About the Data¶

How does the algorithm handle highly imbalanced data in a response column?

The GBM algorithm is quite good at handling highly imbalanced data because it’s simply a partitioning scheme. Use the weights column for per-row weights if you want to control over/under-sampling. When your dataset includes imbalanced data, you can also specify balance_classes, class_sampling_factors, sample_rate_per_class, and max_after_balance_size to control over/under-sampling.

What if there are a large number of columns in the dataset?

GBM models are best for datasets with fewer than a few thousand columns.

What if there are a large number of categorical factor levels in the dataset?

Large numbers of categoricals are handled very efficiently - there is never any one-hot encoding.

What distribution can I use for my dataset?

Distribution options include the following:

AUTO

Bernoulli: the response column can be numeric or categorical

Multinomial: the response column must be categorical.
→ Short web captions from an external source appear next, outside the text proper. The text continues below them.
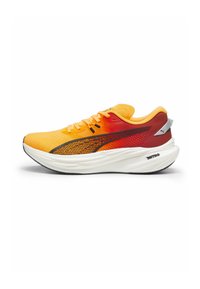 Puma DEVIATE NITRO
 - Scarpe da corsa su strada - sun stream sunset glow white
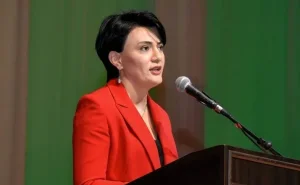 Əməkdar müəllim yeni qaydaları DƏSTƏKLƏDİ: "Məktəbli formasının vahidliyi qorunacaq"
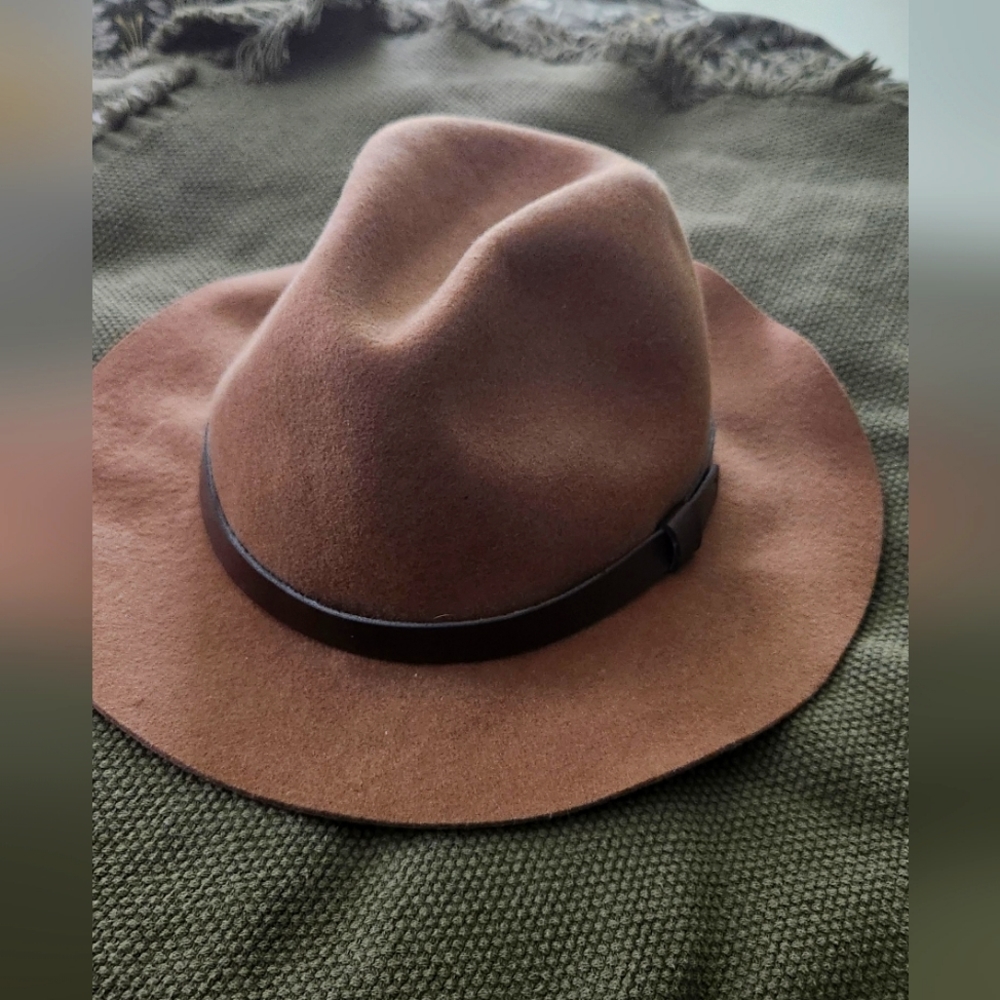 Brown suede fedora H&M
Gaussian: the response column must be numeric

Poisson: the response column must be numeric

Gamma: the response column must be numeric

Tweedie: the response column must be numeric

Laplace: the response column must be numeric

Quantile: the response column must be numeric

Huber: the response column must be numeric

Refer to the distribution parameter in the Appendix for more information about the distribution options.

What loss function is automatically chosen for each of these distributions?

By default, the residual deviance is minimized, which is the natural loss for Poisson, Gamma, Tweedie, Huber, etc. For Laplace, the residual deviance is the same as absolute error. For Gaussian, it’s the same as squared error.